Our framework leverages visual-language models to parse and compose multi-modal
user inputs to provide more accurate and satisfying results. It comprises
two-stage processes: 1) a parsing stage that incorporates a language parsing
module with large language models to enhance the comprehension of textual
inputs, along with a visual parsing module that integrates an interactive
segmentation module to swiftly identify detailed visual elements within images;
and 2) a logic composition stage that combines multiple user search intents
into a unified logic expression for more sophisticated operations in complex
searching scenarios. Moreover, the intent expansion framework enables users to
perform flexible contextualized interactions with the search results to further
specify or adjust their detailed search intents iteratively. We implemented the
framework into an image search system for NFT (non-fungible token) search and
conducted a user study to evaluate its usability and novel properties. The
results indicate that the proposed framework significantly improves users'
image search experience.
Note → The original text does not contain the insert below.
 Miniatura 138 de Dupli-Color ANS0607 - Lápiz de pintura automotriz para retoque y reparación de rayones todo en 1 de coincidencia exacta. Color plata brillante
Particularly the parsing and contextualized
interactions prove useful in allowing users to express their search intents
more accurately and engage in a more enjoyable iterative search experience.
Related papers
- Leveraging Large Language Models for Multimodal Search [0.6249768559720121]
This paper introduces a novel multimodal search model that achieves a new performance milestone on the Fashion200K dataset.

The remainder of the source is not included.